KATHMANDU, MAY 27
The civil society activists of South Asia have highlighted the emerging economic crises and inequality in South Asia.
During the conclusion of the sixth annual general assembly of South Asia Alliance for Poverty Eradication (SAAPE) held here today, social activists, right activists and experts of South Asia urged concerned stakeholders to take seriously the economic, political and social crises and revival of the economy post-COVID.
The participants urged the governments of the respective countries to introduce effective policies and programmes to end discrimination and deprivation faced by the women, Dalits and marginalised communities to ensure social justice and equality.
A special presentation was made on economic, political and humanitarian turmoil in Sri Lanka and Afghanistan. An activist from Afghanistan seeking anonymity shared that the economy, politics and social system of the country have crumbled and many Afghanis have been displaced after Taliban came into power and called for attention of the international community for quick resolution to the problems.
Likewise, highlighting the financial downturn of Sri Lanka, Nimalka Fernando, a lawyer and social activist, said the citizens of Sri Lanka are in extreme distress. “We are in the worst economic crisis with uncontrollable inflation, shortage of food, fuel and medicines, with the vulnerable community suffering the most,” said Fernando, adding, “Corrupt governance, wrong financial policy compounded by internal and external debts and lack of remittance have exacerbated the economic woes of Sri Lanka.”

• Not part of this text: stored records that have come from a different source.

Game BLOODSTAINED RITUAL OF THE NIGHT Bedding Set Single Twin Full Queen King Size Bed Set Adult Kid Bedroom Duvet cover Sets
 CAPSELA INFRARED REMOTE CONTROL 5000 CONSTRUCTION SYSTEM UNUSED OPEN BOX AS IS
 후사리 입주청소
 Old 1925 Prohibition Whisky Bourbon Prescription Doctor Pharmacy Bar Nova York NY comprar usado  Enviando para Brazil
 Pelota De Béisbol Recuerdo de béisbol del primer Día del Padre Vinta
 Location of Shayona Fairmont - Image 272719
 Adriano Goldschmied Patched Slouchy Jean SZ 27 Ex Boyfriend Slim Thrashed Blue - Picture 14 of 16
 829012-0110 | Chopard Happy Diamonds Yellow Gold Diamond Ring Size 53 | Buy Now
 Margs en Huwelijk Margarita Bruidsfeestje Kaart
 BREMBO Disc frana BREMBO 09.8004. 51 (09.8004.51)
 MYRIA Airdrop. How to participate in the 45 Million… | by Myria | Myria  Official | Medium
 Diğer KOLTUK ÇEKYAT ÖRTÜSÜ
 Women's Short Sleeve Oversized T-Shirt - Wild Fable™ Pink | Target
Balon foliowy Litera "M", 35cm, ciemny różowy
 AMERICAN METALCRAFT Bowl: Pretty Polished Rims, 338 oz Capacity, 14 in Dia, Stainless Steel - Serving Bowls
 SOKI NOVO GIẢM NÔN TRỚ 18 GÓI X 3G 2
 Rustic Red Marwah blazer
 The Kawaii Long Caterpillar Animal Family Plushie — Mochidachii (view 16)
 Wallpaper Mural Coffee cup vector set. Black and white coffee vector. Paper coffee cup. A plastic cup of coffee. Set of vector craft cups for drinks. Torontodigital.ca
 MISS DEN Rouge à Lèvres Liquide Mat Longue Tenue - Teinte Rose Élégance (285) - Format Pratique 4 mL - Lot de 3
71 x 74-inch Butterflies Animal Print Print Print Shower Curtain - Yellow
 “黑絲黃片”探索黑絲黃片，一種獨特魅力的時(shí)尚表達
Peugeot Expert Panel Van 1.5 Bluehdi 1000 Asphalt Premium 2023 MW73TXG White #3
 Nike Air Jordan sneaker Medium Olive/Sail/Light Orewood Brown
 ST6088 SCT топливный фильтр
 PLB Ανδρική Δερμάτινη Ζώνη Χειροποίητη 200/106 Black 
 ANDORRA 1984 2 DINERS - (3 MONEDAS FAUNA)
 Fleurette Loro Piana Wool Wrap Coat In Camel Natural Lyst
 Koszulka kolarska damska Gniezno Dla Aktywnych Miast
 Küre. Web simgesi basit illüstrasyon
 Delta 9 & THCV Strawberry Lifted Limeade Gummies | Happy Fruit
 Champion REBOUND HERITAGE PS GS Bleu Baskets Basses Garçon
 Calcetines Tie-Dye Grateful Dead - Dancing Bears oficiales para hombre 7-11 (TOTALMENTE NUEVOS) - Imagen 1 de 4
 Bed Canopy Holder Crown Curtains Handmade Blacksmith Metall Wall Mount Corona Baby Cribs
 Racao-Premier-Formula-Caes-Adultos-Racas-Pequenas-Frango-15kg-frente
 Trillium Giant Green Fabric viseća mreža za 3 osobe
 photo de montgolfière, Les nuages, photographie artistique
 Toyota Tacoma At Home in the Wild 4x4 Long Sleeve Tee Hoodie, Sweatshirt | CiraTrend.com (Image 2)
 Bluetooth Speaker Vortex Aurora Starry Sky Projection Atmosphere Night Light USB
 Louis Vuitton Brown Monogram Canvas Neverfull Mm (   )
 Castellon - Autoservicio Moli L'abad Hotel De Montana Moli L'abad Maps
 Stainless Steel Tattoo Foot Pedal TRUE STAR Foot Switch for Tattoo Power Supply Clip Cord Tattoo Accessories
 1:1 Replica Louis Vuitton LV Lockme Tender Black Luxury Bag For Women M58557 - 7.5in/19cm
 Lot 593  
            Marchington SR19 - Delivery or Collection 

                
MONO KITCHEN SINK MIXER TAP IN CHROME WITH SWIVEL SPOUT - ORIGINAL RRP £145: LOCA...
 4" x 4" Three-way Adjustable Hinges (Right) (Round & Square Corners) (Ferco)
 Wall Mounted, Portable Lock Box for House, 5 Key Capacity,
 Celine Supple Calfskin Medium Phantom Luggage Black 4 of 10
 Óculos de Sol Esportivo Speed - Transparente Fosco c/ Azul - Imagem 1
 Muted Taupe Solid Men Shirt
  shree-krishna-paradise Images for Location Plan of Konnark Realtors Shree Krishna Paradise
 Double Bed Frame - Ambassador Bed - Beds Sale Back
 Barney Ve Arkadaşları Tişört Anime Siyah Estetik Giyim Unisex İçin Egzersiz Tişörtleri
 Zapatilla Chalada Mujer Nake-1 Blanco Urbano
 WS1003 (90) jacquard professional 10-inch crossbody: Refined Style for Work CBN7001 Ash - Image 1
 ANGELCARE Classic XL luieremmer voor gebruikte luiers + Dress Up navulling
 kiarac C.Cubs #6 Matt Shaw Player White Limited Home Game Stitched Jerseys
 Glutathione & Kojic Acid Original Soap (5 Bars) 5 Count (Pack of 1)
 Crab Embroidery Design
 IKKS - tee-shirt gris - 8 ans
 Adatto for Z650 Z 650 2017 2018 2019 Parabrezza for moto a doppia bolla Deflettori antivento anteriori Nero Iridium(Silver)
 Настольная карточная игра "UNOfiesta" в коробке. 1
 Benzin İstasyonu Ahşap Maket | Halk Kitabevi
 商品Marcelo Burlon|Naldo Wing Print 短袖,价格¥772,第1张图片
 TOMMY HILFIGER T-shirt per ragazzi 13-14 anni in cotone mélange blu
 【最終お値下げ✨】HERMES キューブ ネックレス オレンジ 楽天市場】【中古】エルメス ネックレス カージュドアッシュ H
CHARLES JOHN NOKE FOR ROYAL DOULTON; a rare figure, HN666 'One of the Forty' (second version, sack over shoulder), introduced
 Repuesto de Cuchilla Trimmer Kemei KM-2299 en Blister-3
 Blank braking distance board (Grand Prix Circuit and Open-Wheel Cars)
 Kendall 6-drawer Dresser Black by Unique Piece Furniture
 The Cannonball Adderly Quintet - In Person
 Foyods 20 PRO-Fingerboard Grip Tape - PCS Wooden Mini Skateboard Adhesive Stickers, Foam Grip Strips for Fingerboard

Faruq Tariq from Pakistan urged the governments of the South Asia region to adopt open border and open trade policies to solve the economic crises and poverty, which have worsened due to the COV- ID pandemic.
The programme had been conducted through a hybrid model, with representatives the South Asian countries participating in-person as well as virtually.
Meanwhile, the Kathmandu Declaration 2022 was also adopted – ranging from committing to build alternative political and social justice to strengthen the quest for a more equitable and dignified life, the need for agrarian reforms to ensure food sovereignty across the region, to ensuring a minimum living wage and job security for all workers in the South Asia region.